Autoscaling enables cloud users to change compute requirements by dynamically adjusting resource utilization consumption as demand increases or decreases. Autoscaling is an important capability for users because it enables them to enjoy the extremely elastic and scalable nature of the cloud, reduce waste, and optimize their spend.

However, a study conducted at the company I work for, Pepperdata, found that, instead of reducing their operational spend, one-third of enterprises that moved to the cloud are overspending on their budgets by up to 40%.Why is this so?

Many organizations learn the hard way that, for all of the cloud’s great benefits, use that is not optimized typically leads to runaway costs for the unprepared. Cloud services providers offer autoscaling capabilities to help users reduce resource wastage and better manage costs, but many of these services have drawbacks. 

Runaway Costs

The great shift from on-premises IT infrastructure to the cloud is driven by many factors, but cost savings is paramount. With the promise of lower costs in the cloud and a successful migration, many enterprises are shocked to see those first few cloud bills. 

Statista ranks “cloud spend management” and “lack of resources” as two of the most important cloud migration challenges. Both problems stem from unexpected costs.

One of the main drivers for runaway costs in the cloud is the shift from a CapEx model to an OpEx model. Enterprises don't find it difficult to determine and assign budgets with a CapEx approach. But with OpEx, the constantly shifting requirements can make it extremely difficult to identify and manage spend.

Given the cloud's flexibility and scalability, the user's access to infinite resources, and the lack of a cloud-based spending governance framework, this is a recipe for overspending.

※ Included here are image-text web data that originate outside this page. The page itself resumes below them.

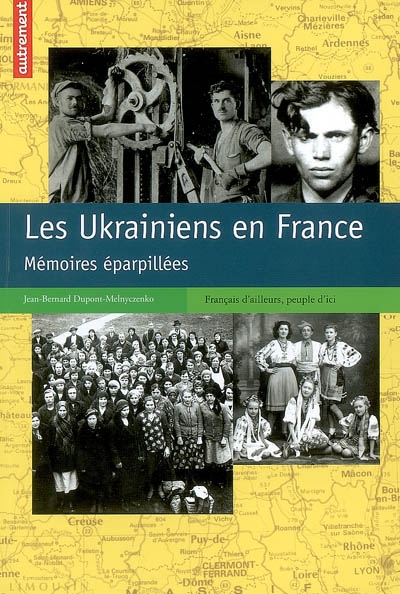 Les Ukrainiens en France : mémoires éparpillées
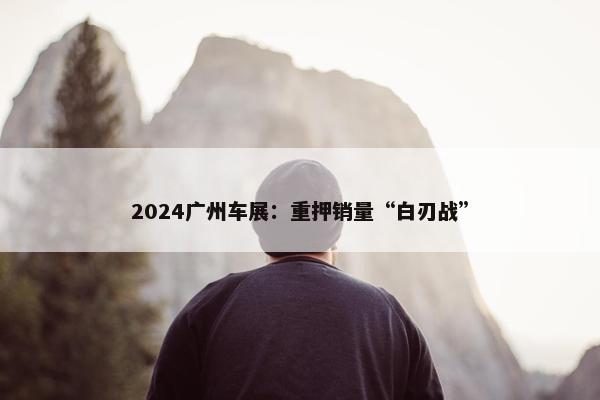 2024广州车展：重押销量“白刃战”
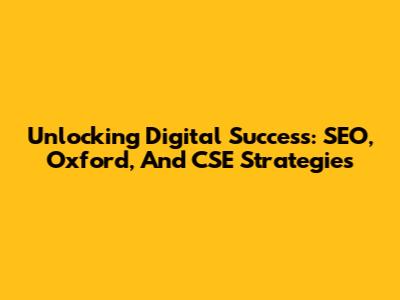 Unlocking Digital Success: SEO, Oxford, And CSE Strategies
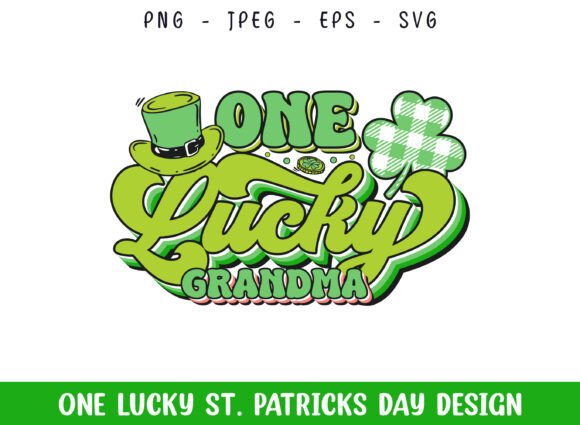 One Lucky Grandma St Patrick Day Design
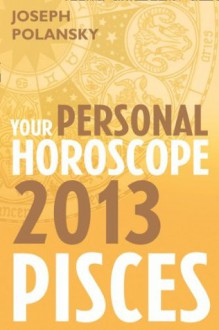 Pisces 2013: Your Personal Horoscope - Joseph Polansky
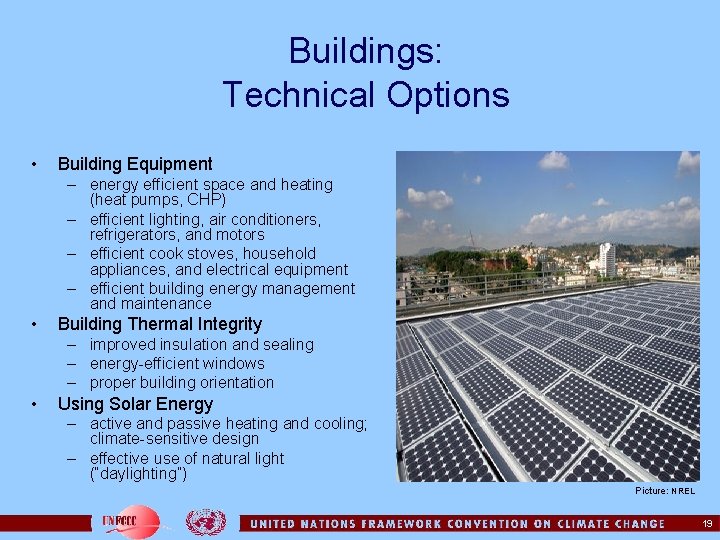 Buildings: Technical Options • Building Equipment – energy efficient space and heating (heat pumps,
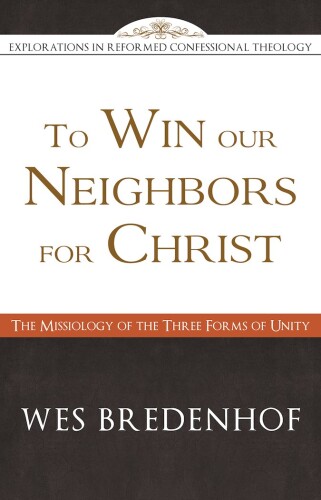 To Win Our Neighbors for Christ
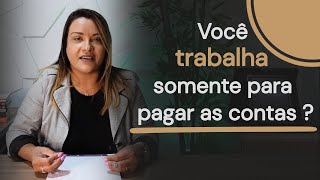 TRABALHO: COMO A REALIZAÇÃO PODE NOS GERAR FELICIDADE  | Silvia Barreto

Autoscaling to the rescue?

Cloud service providers tell you that the best way to cut cloud spend is by autoscaling because it ensures adequate compute resources for big data stacks when traffic surges. Looking at the bigger picture, enterprises also benefit from autoscaling because it eliminates the need to add more compute resources manually when the need arises.

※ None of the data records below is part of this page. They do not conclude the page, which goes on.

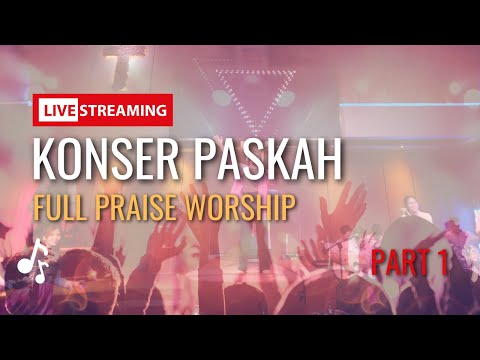 Live Streaming Konser Paskah Full Praise Worship Part 1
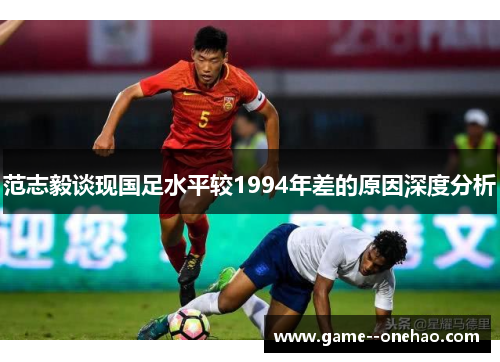 范志毅谈现国足水平较1994年差的原因深度分析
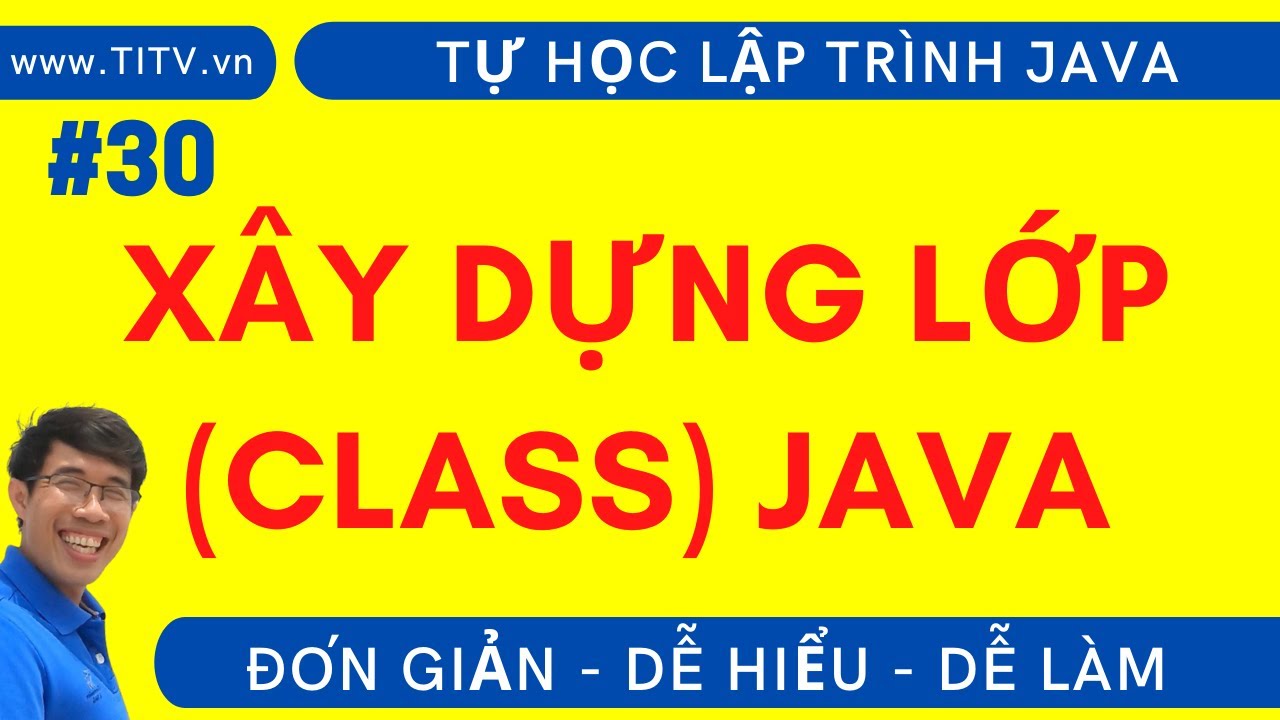 Java 30. Cách xây dựng lớp và phương thức khởi tạo Constructor  | Phần 2 - Lập trình Hướng Đối Tượng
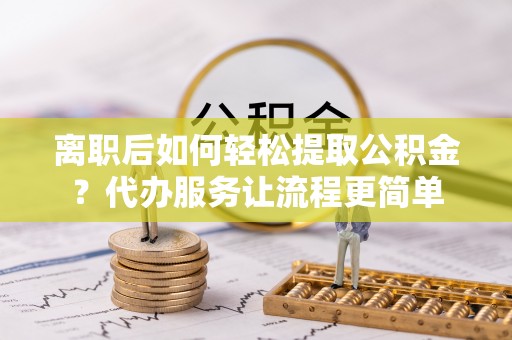 郫县离职后如何轻松提取公积金？代办服务让流程更简单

Many cloud infrastructures overprovision compute resources based on consumption and requirements at peak levels. Although this approach guarantees that compute resources are available once traffic increases, it also means that substantial amounts of unused compute are wasted when traffic is much less than predicted. 

Cloud computing and big data

Cloud computing has an extensive list of benefits, especially as it pertains to big data. Businesses generate large volumes of data daily, and the overall volume is set to grow dramatically. Statista predicts big data volume to grow from 13.6 zettabytes in 2019 to over 79 zettabytes by 2025.

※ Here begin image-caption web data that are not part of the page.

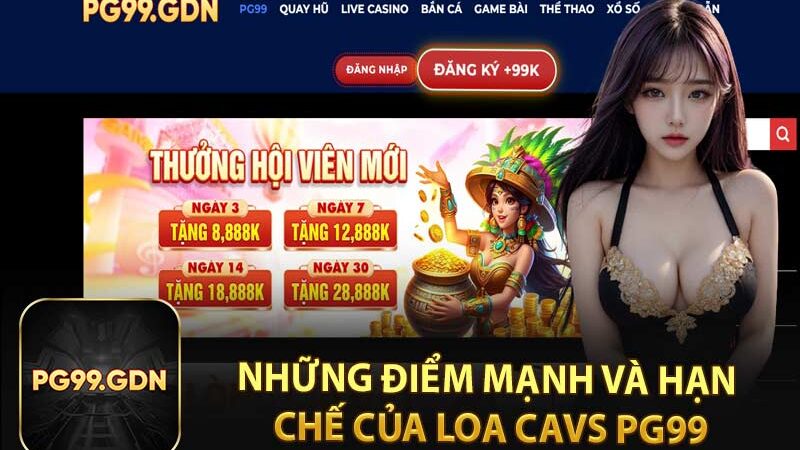 Loa cavs PG99 – Thương Hiệu Loa Nổi Tiếng Châu Á
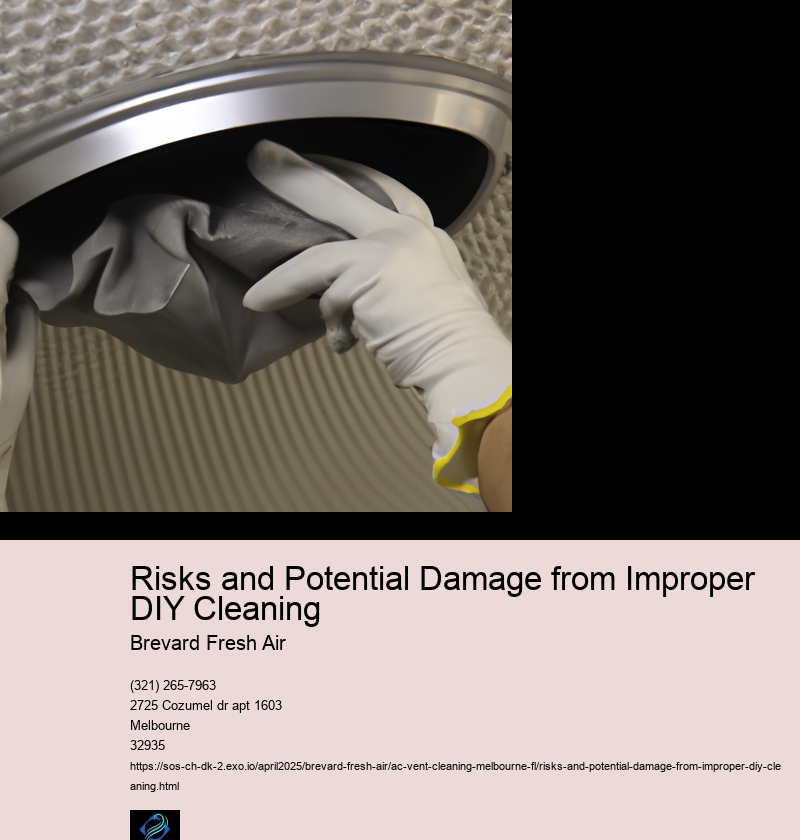 Risks and Potential Damage from Improper DIY Cleaning
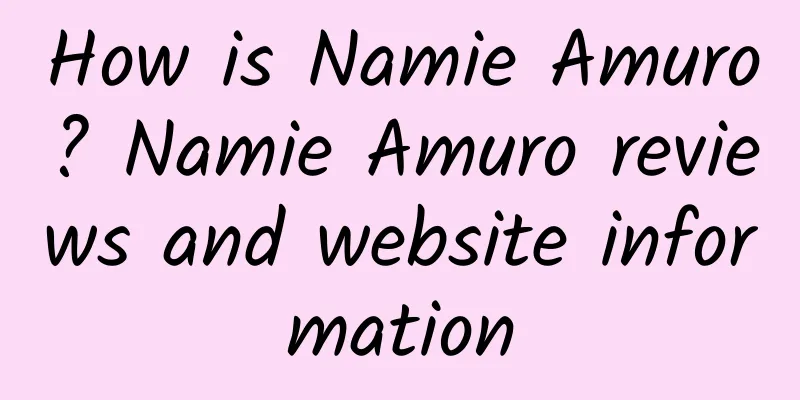 How is Namie Amuro? Namie Amuro reviews and website information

Enterprises migrated to a cloud-based infrastructure to help achieve scalability and speed up their modernization. With cloud computing, it’s possible to scale existing applications and processes and modernize workloads. Cloud computing enables enterprises to harness big data by enabling them to process large volumes of information and derive top-quality, actionable insights they need to perform tasks at peak levels, such as accelerating product development, achieving redundancy and resiliency, and, if done right, reduce costs.

As reliance on cloud infrastructure and big data grows, so too does the need for enterprises to find a better way to autoscale their cloud processes, cut down their costs, and maximize their cloud investments.

Observability and automation

Autoscaling is often implemented based on the vendor's default configurations, which don’t factor in SLAs, user performance requirements, or cost concerns. Without visibility into their big data stacks in the cloud, it’s impossible for enterprises to optimize their IT infrastructure, quickly troubleshoot and resolve problems, or reduce downtime.

This is where observability and automation are at their best.

Powered by automation, big data observability enables users to gather actionable data that provides not only the when of an error or issue but also the why. Observability helps DevOps and IT teams collect and analyze real-time information from different sources, including various performance monitoring solutions and logs. This results in a comprehensive, correlated view of their big data stacks and IT environments that allows them to immediately pinpoint issues and troubleshoot at the root level. 

But what is really key is automation that allows you to optimize your workloads and eliminate or significantly reduce manual tuning efforts. Let’s face it — manually tuning scaling requirements to the most optimal configurations is beyond human capability. Automation makes it possible to analyze and make thousands of decisions per second to optimize CPU, memory, and I/O resources as well as how the workloads interact with those resources.

As you help your organization scale your cloud-based apps and processes, meet SLAs, and achieve your business goals, managing your cloud budget can seem a daunting task.

To get the maximum benefits of autoscaling and reduce your cloud spend, complement cloud autoscaling with observability and automation. This combination is the most effective solution to reducing waste and managing runaway costs in the cloud.